=== Data in this exercise ===
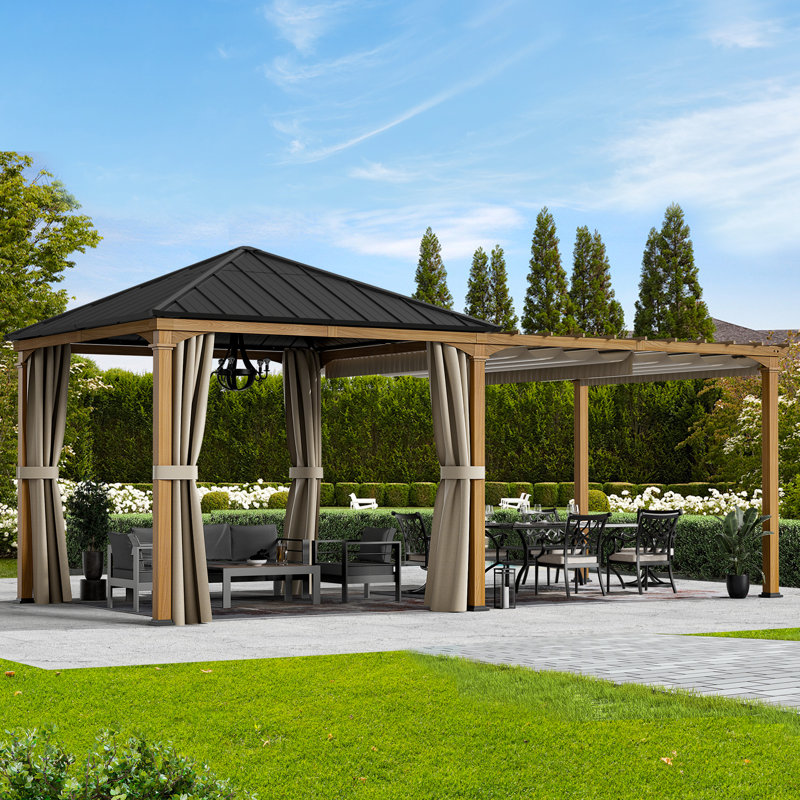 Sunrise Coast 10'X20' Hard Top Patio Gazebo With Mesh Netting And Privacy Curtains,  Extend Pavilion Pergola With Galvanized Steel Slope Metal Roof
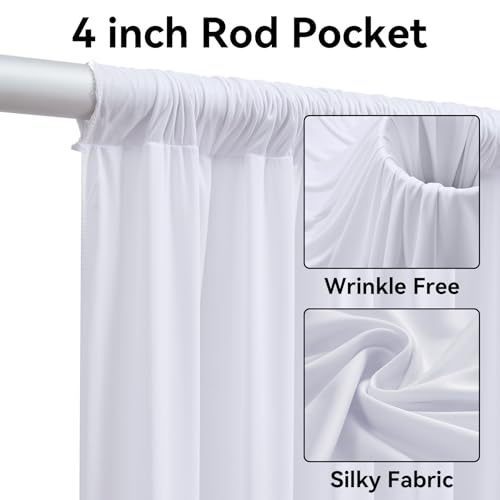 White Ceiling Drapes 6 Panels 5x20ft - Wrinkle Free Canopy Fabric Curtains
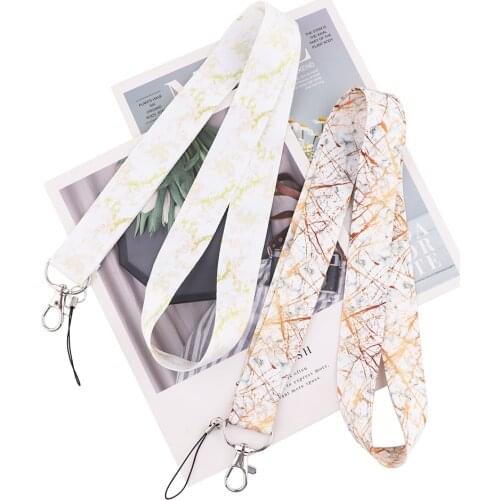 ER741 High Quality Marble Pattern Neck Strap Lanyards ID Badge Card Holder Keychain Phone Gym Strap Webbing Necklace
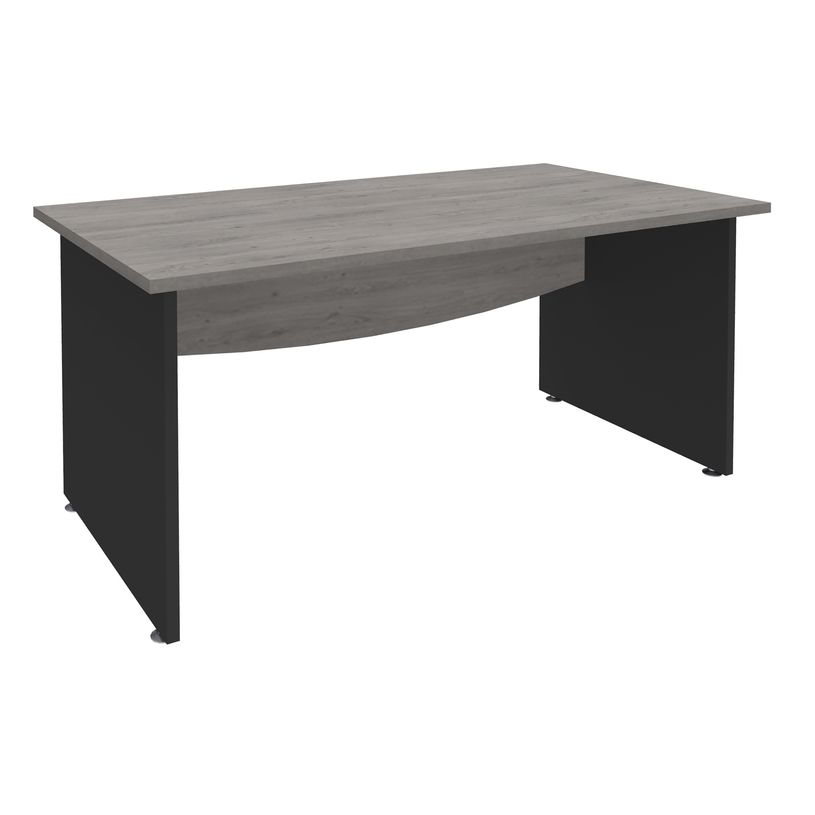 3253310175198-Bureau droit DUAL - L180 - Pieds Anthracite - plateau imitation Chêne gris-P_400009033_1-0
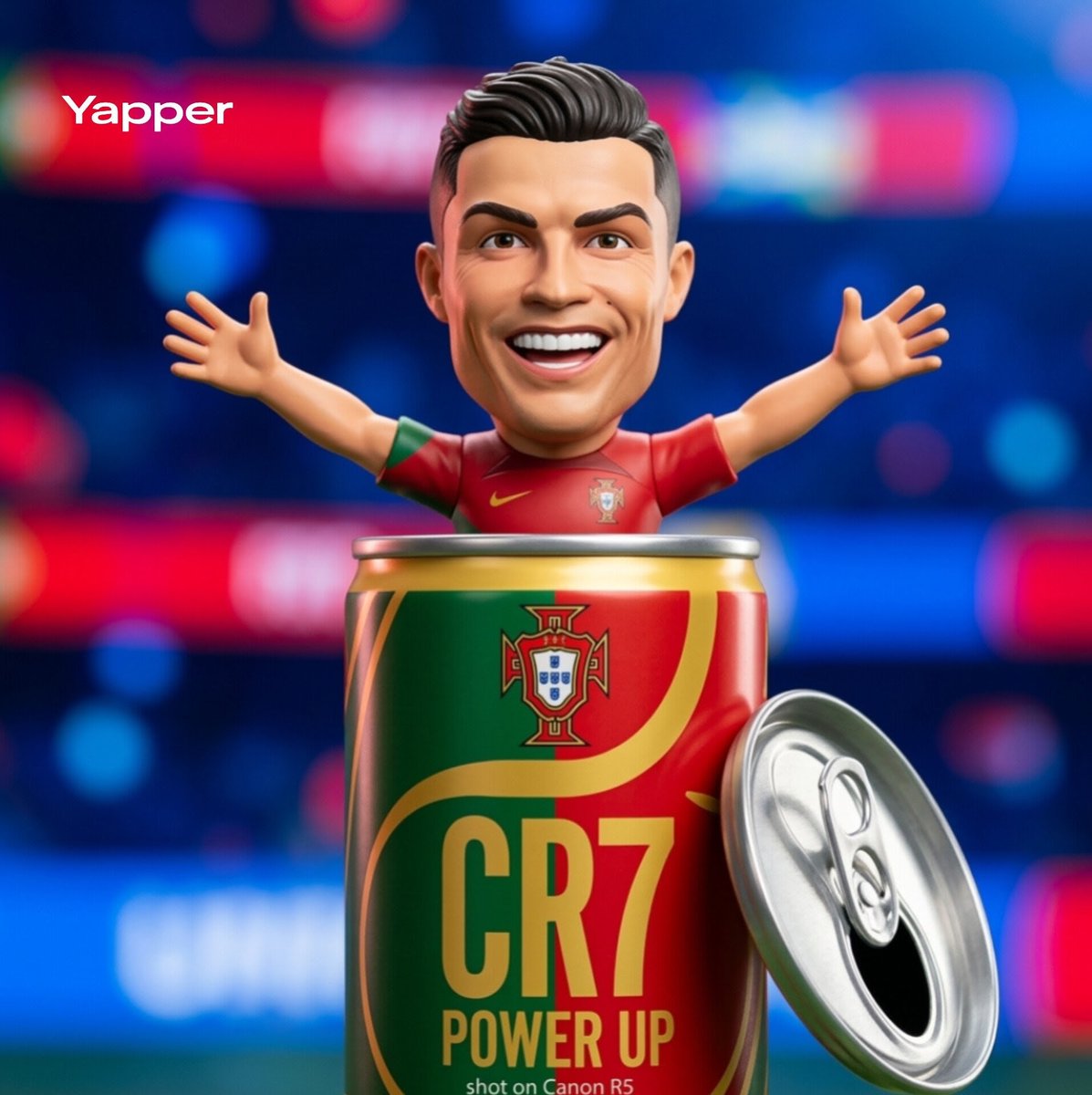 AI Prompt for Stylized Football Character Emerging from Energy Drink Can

=== Task statement ===
From the first line of the entries down to the line with "White Ceiling Drapes", print each line exactly; omit any picture.

=== Reply ===
 Sunrise Coast 10'X20' Hard Top Patio Gazebo With Mesh Netting And Privacy Curtains,  Extend Pavilion Pergola With Galvanized Steel Slope Metal Roof
 White Ceiling Drapes 6 Panels 5x20ft - Wrinkle Free Canopy Fabric Curtains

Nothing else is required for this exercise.